Adaptive modulation, on the other hand, is one of those technologies that, when it's shown in a system diagram, deserves an arrow with a caption that says, "Here there be magic." One of the incantations the magicians use goes something like this: "Euler, Euler, phase-shift, quadraphase; sine wave, sine wave, lowpass, carrier. . .and . . . demodulate." Presto, you have double the bandwidth. But that's just a small part of the show that all happens at the speed of light out in space.
Adaptive coding, including forward error detection, means weather threats just evaporate. Forward error detection sounds like they're not just magicians but psychic too, correcting problems before they happen. But really they're just adding redundancy so your data doesn't have to be retransmitted. It's kinda sad all that magic is going on up there and we can't see it.
Like all magic, there's slight of hand at work behind the scenes at ViaSat, and it's fully understood by those in the know.
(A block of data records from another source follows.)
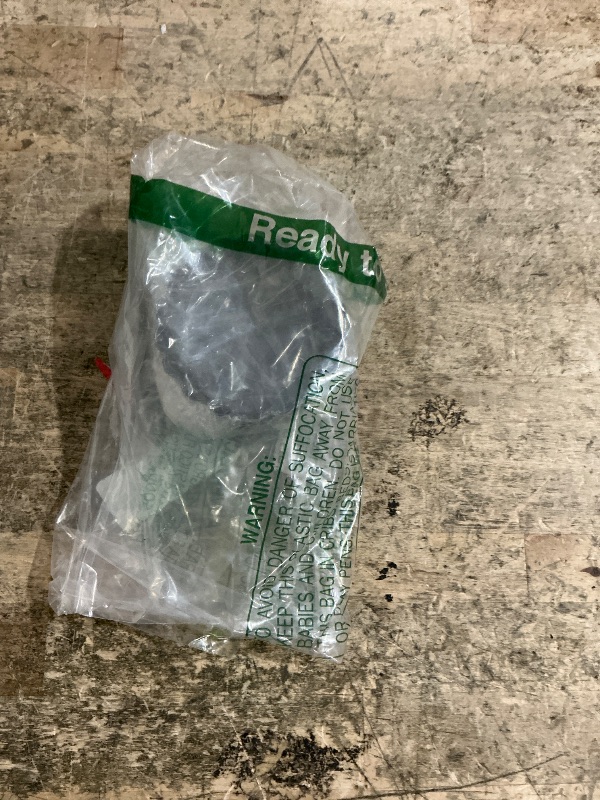 Photo 1 of 16 Pack Mini Tart Pans, Nonstick Molds With Removable Bottoms Round Non-stick Deep Quiche Pan With Fluted Sides Mini Pie Tart Pans for Baking, Mousse Cakes, Fruit and Desserts, Oven & Dishwasher Safe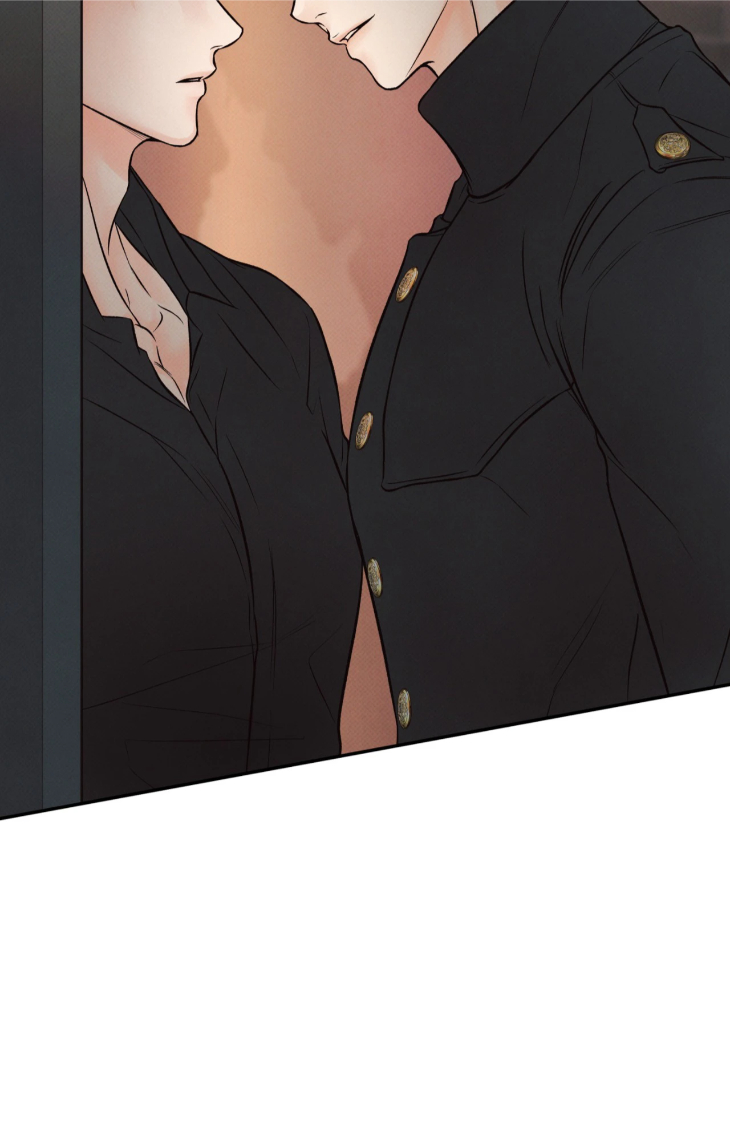 Borderline-By-Danrim-Uncensored-Eng page 8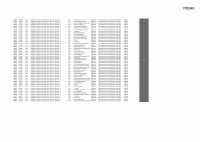 Pagina 38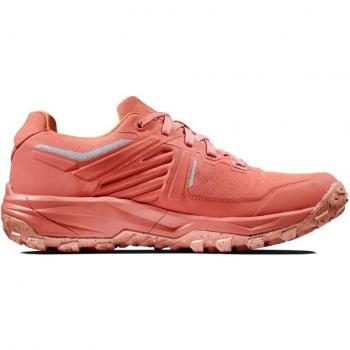 Mammut Zapatillas Senderismo Ultimate III Low GoreTex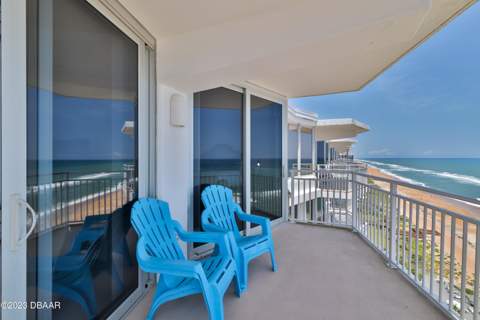 1155 Ocean Shore Boulevard #1106, Ormond Beach FL - photo 11 of 25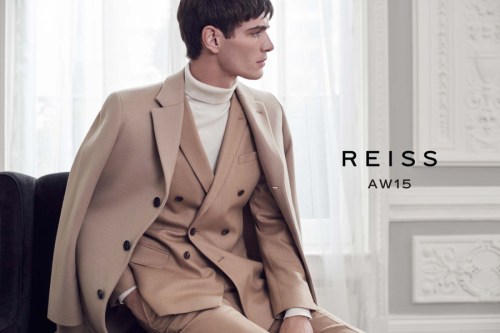 Reiss-Fall-Winter-2015-Campaign-005
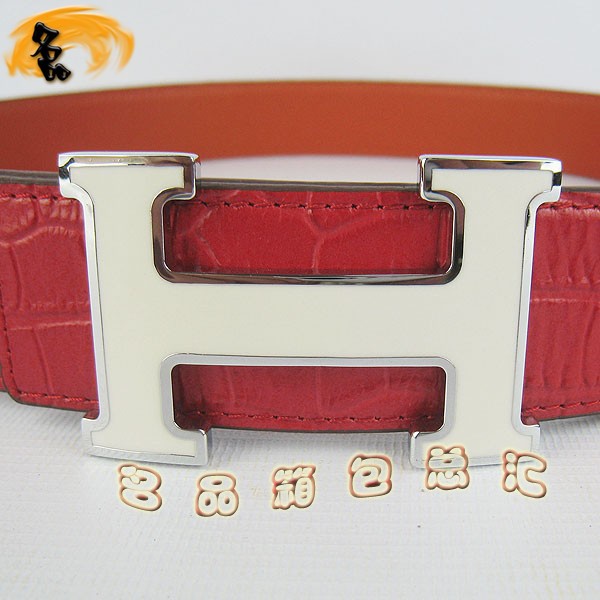 178 ¿ HermesƤ Hermes (i)RŮƤ {~(y)yt y׿3.8cm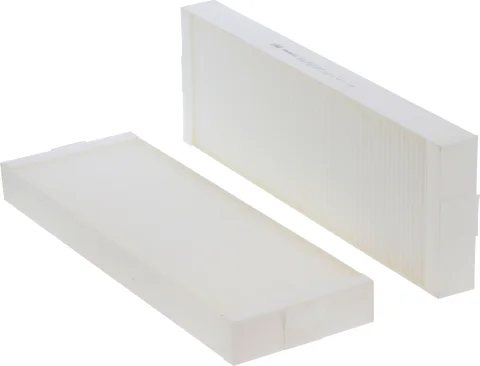 Panelový filter HIFI FILTER NN 6431 CSNP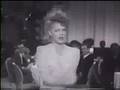 BETTY HUTTON - Let's Face It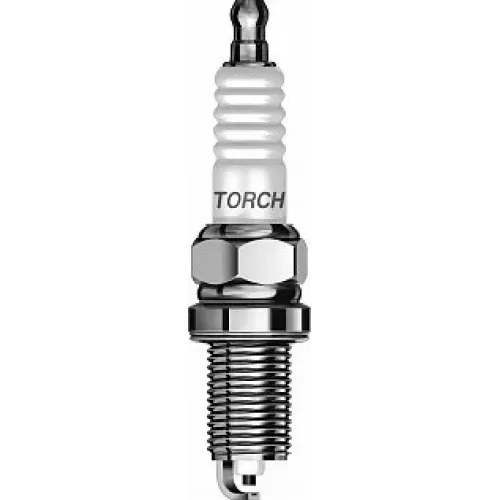 Свеча Зажигания Torch K5RAU-11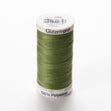Gutermann Polyester Thread, Colour 283 - 250m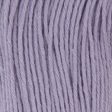 Sashiko Thread - Olympus 40m - Awai-iro - Smokey Tone - #A10 - Mauve (Lavender) For Sale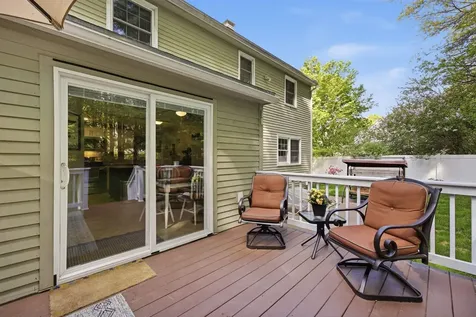 9 Millstream Lane Concord NH 03303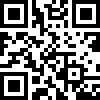https://isna.ir/xd45WR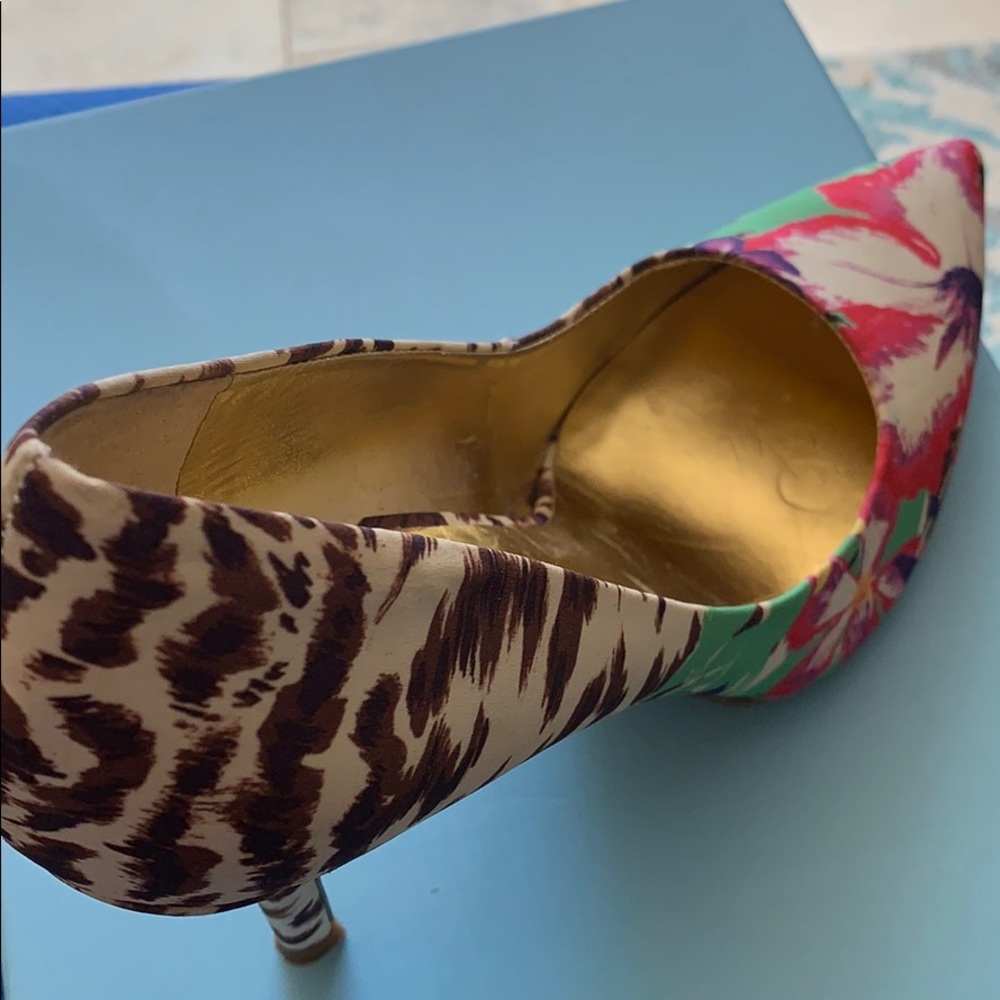 Nine West brand new shoes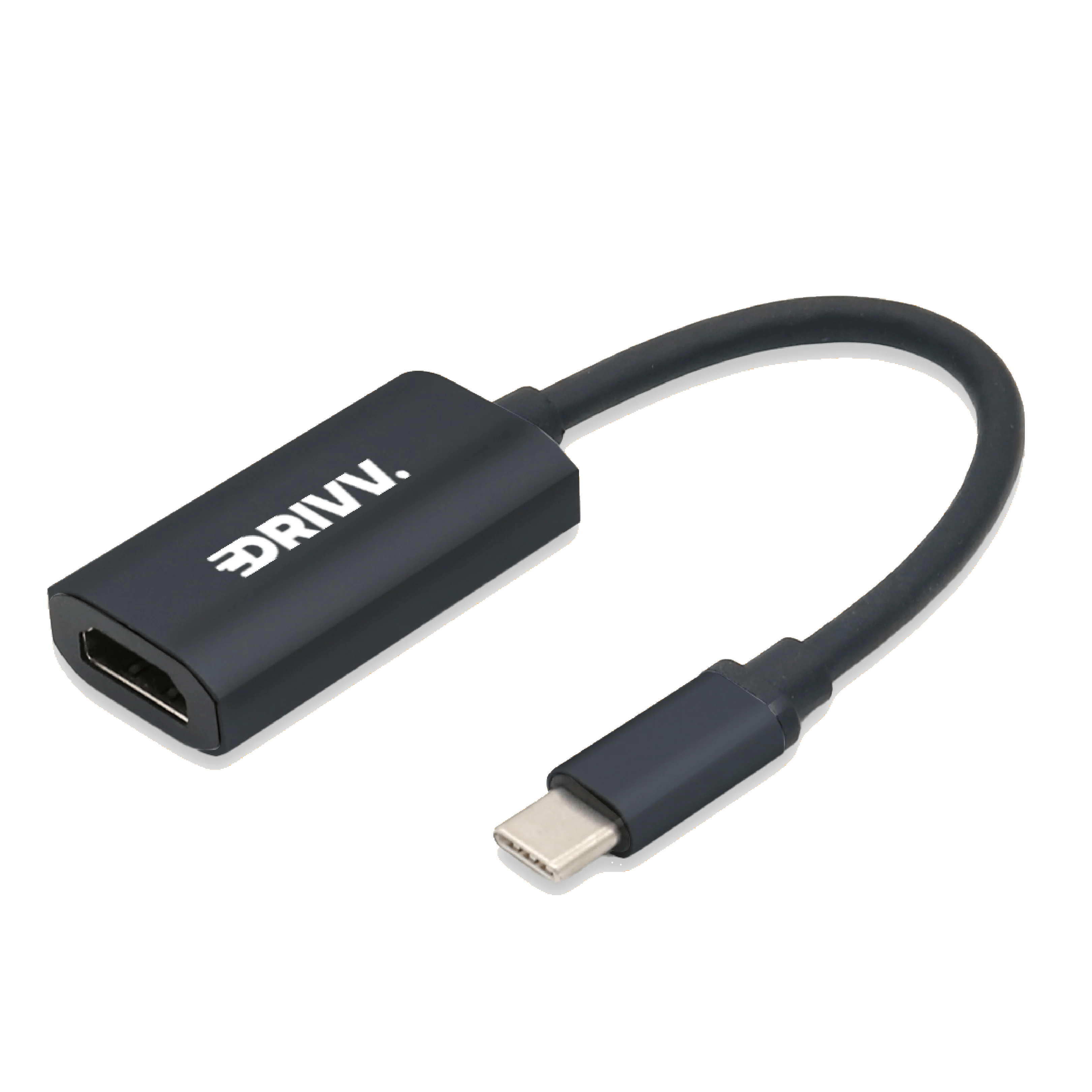 Usb Hubs Drivv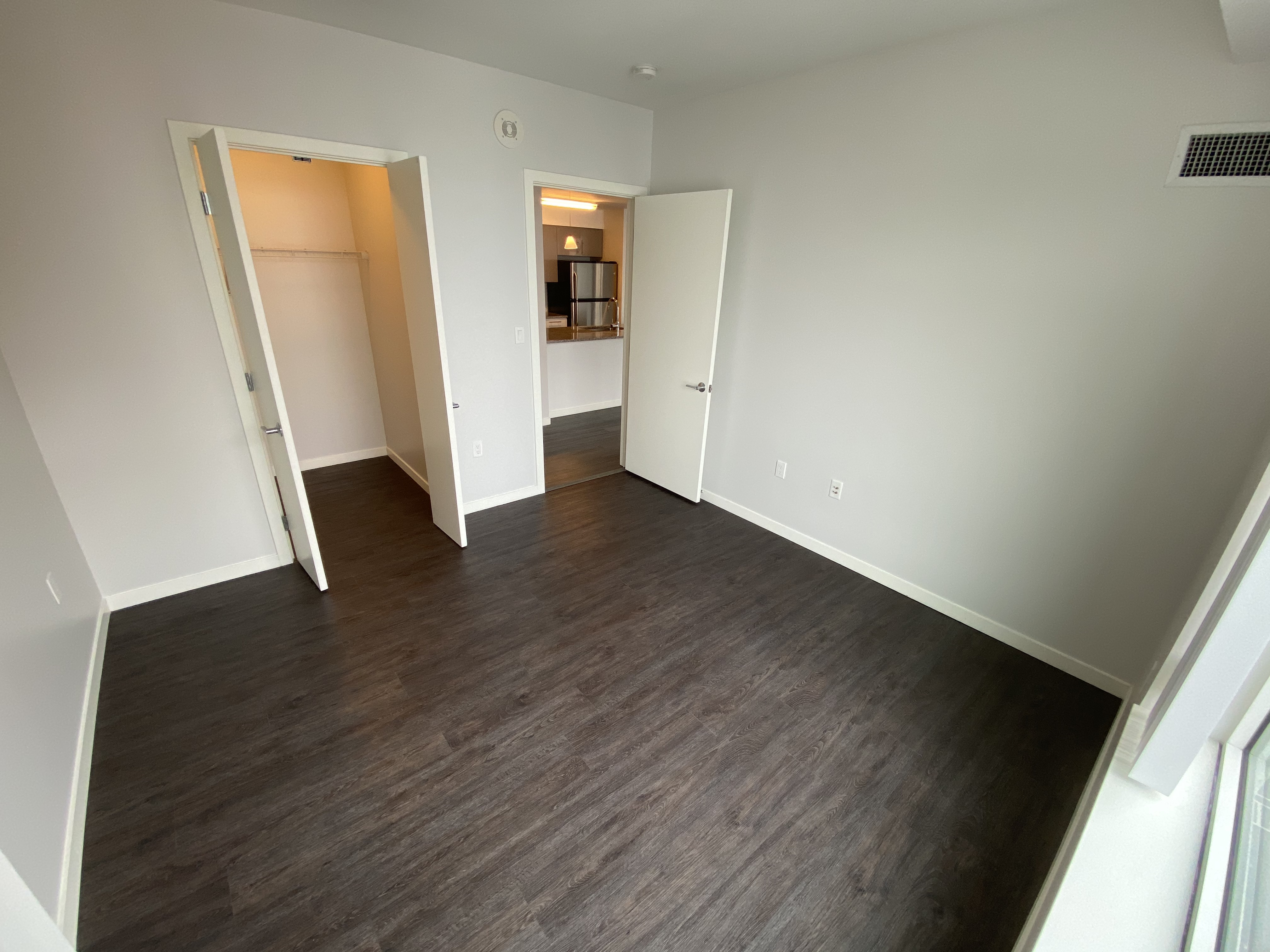 2 bed, 2 bath apartment for rent at 505 Congress St Unit 1806, Seaport District — photo 8 of 12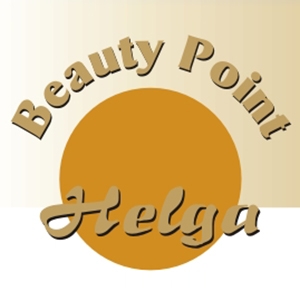 Beauty Point Helga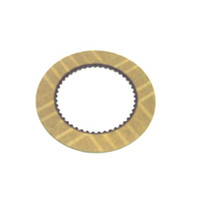 6Y7964 Friction disc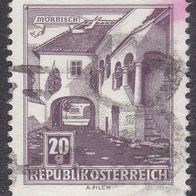 Österreich 1102y O #050752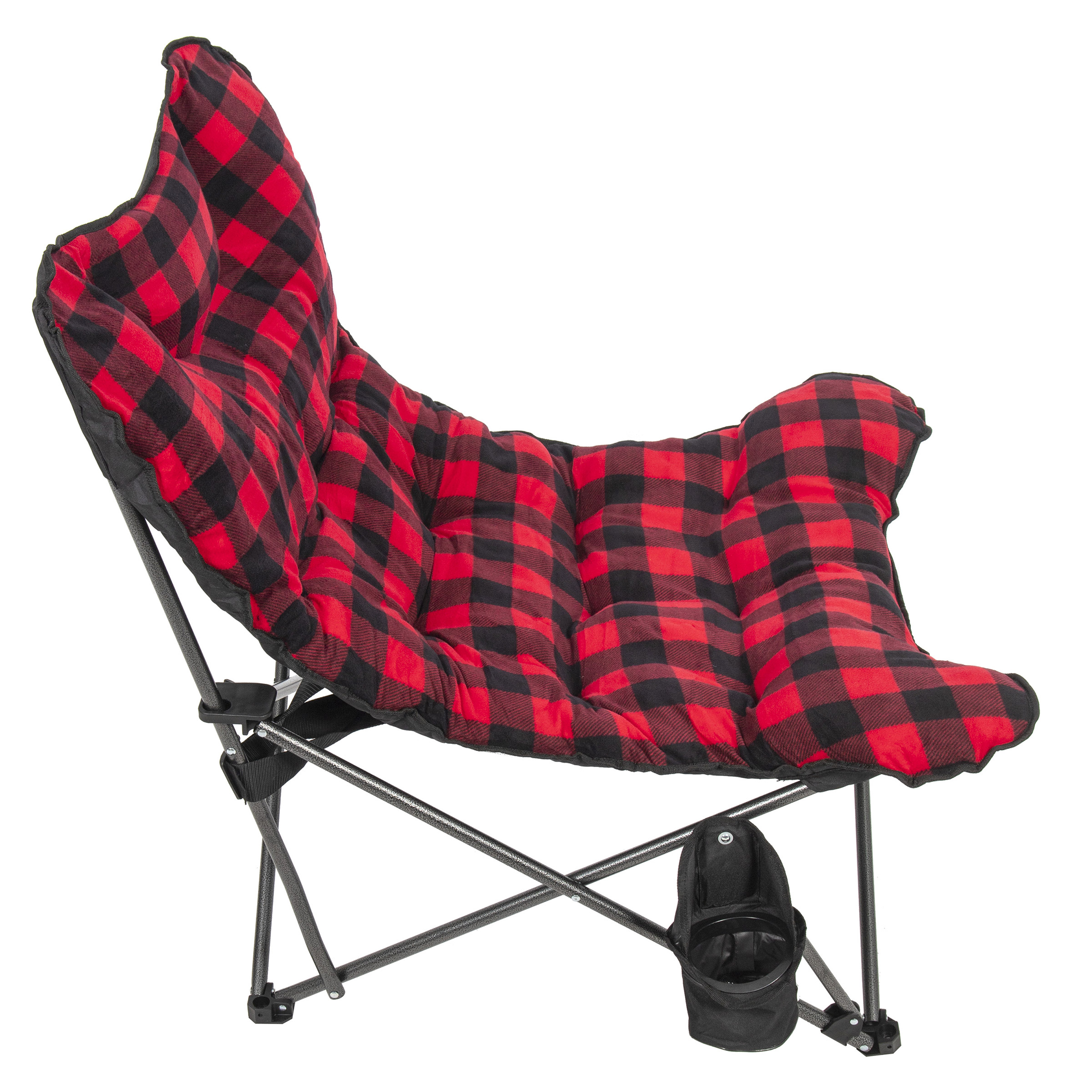 Enlarge Product Preview 3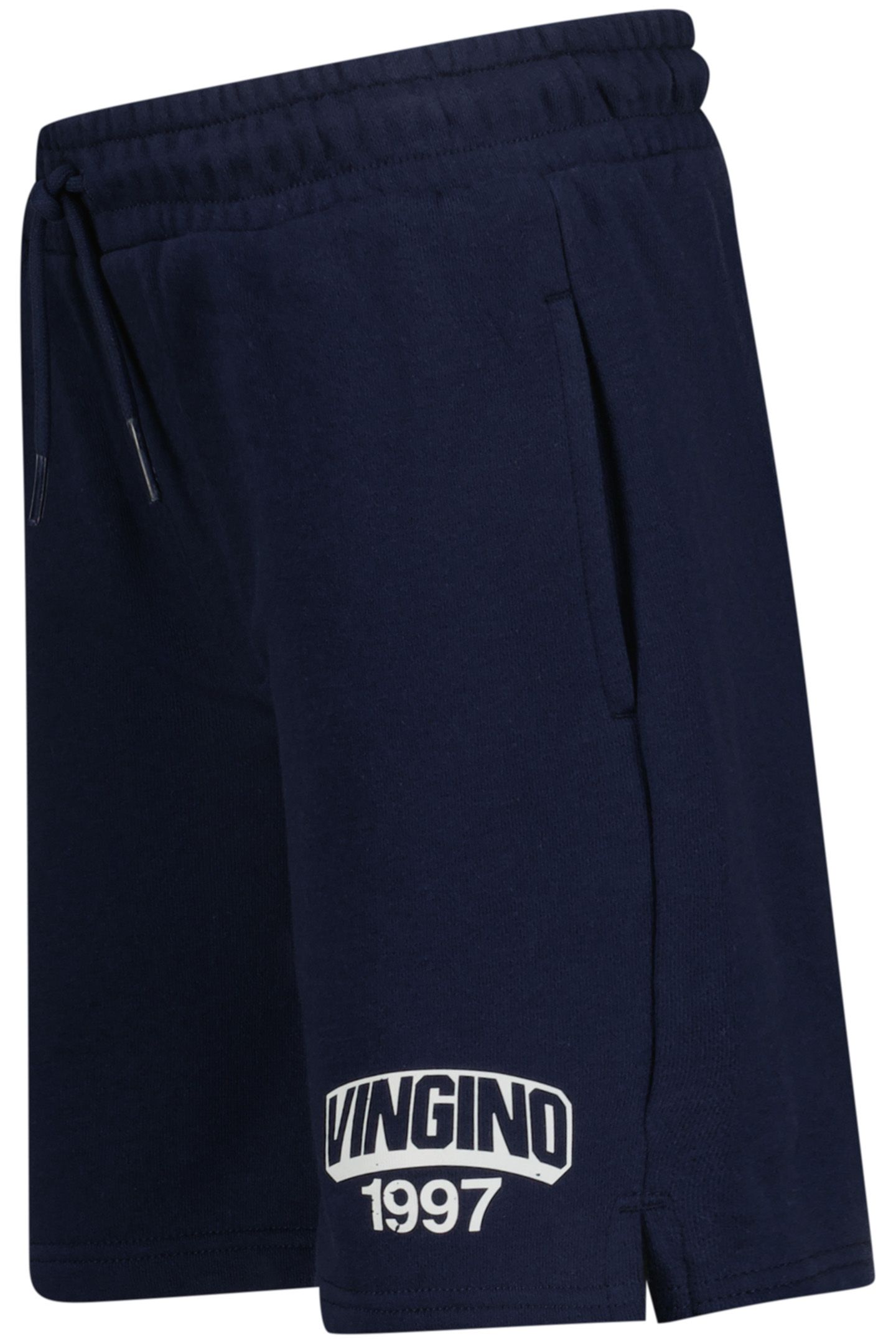 SACIL DARK BLUE 3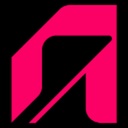 多重人生/The Alters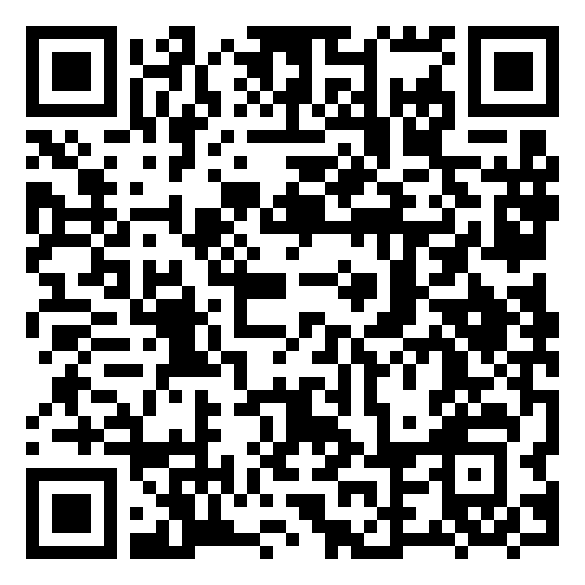 QR code 22026597500000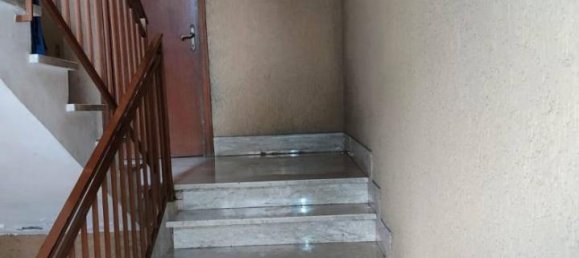 4 rooms Apartment in Rome, Italy No. 40495 4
All you need to know is that fancy software can adapt to changing conditions to adjust your instantaneous data rate and the amount of time the satellite allocates to your messages. You're not even aware anything changed.
Weather can potentially affect gateways, too, of course; and that can be a big problem because everyone supported by the gateway would be affected. But gateways use adaptive power control and adaptive modulation and coding, too. In some cases multiple gateways serve the same spot beams and end users. If weather threatens one gateway, another can be pick up the load without any interruption—more magic developed by ViaSat.
The moral of the story
Another nifty trick that ViaSat uses is to put their ground stations outside the coverage area of the spot beams. So while it may be pouring where you are, say in the Gulf Coast or Florida, your gateway might be basking under clear skies in Albuquerque or Tucson.
The moral of the story
Even if it is raining on the gateway, by the way, signal strength is only loosely related to rain intensity. The signal path is generally on a diagonal up from the ground to the satellite located over the West Coast. In any event, the weather at your location has more effect on performance than at the gateway because they have big honking antennae and you just have the little dinky dish.